Only those lines in the data below from the line containing "Forest Bathing in High Park" through the line containing "c0042869_19542658.jpg", both included, should be restated word for word.

• [GIVEN ENTRIES]

****************

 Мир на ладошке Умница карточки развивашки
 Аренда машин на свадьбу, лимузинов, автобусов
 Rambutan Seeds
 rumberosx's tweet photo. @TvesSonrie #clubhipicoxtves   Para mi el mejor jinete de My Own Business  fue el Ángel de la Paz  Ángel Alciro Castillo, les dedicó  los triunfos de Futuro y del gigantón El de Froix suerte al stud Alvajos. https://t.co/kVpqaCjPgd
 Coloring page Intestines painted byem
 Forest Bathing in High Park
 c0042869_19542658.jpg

****************

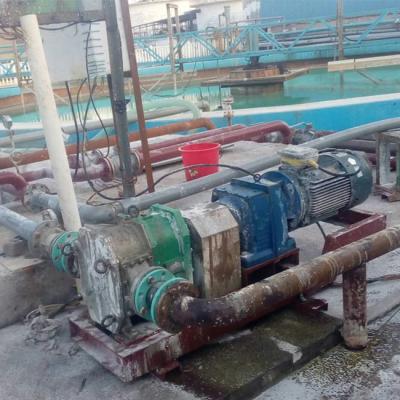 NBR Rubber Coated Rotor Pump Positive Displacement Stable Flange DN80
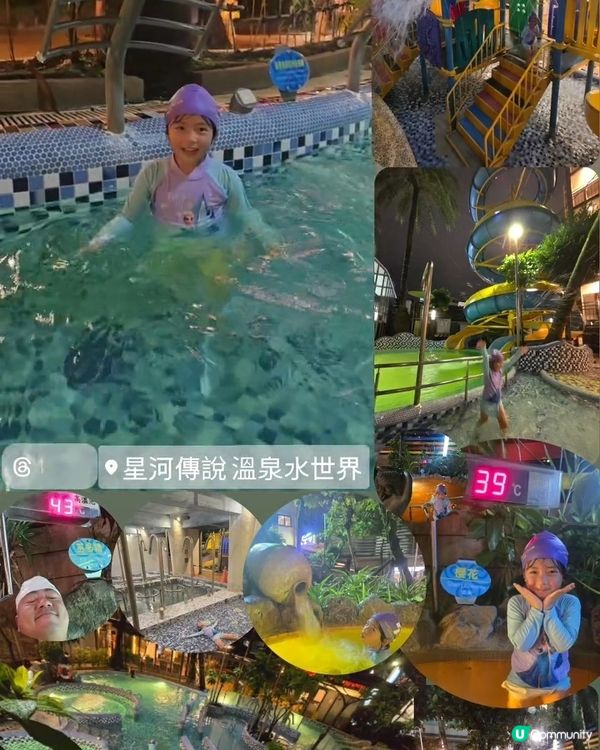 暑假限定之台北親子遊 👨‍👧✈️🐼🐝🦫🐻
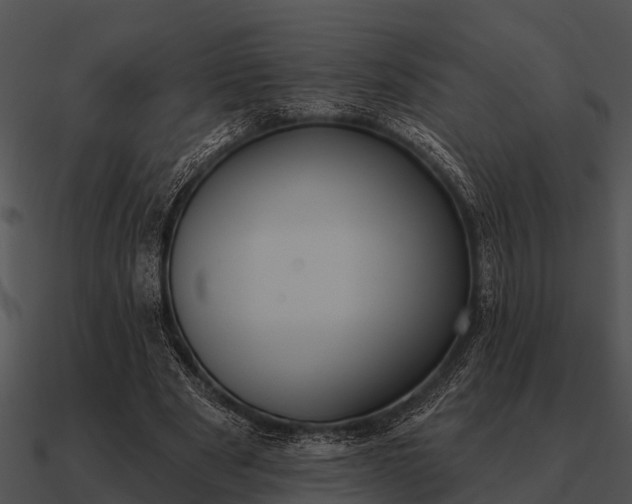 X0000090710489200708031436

****************

• [TASK RESPONSE]
 Forest Bathing in High Park
 c0042869_19542658.jpg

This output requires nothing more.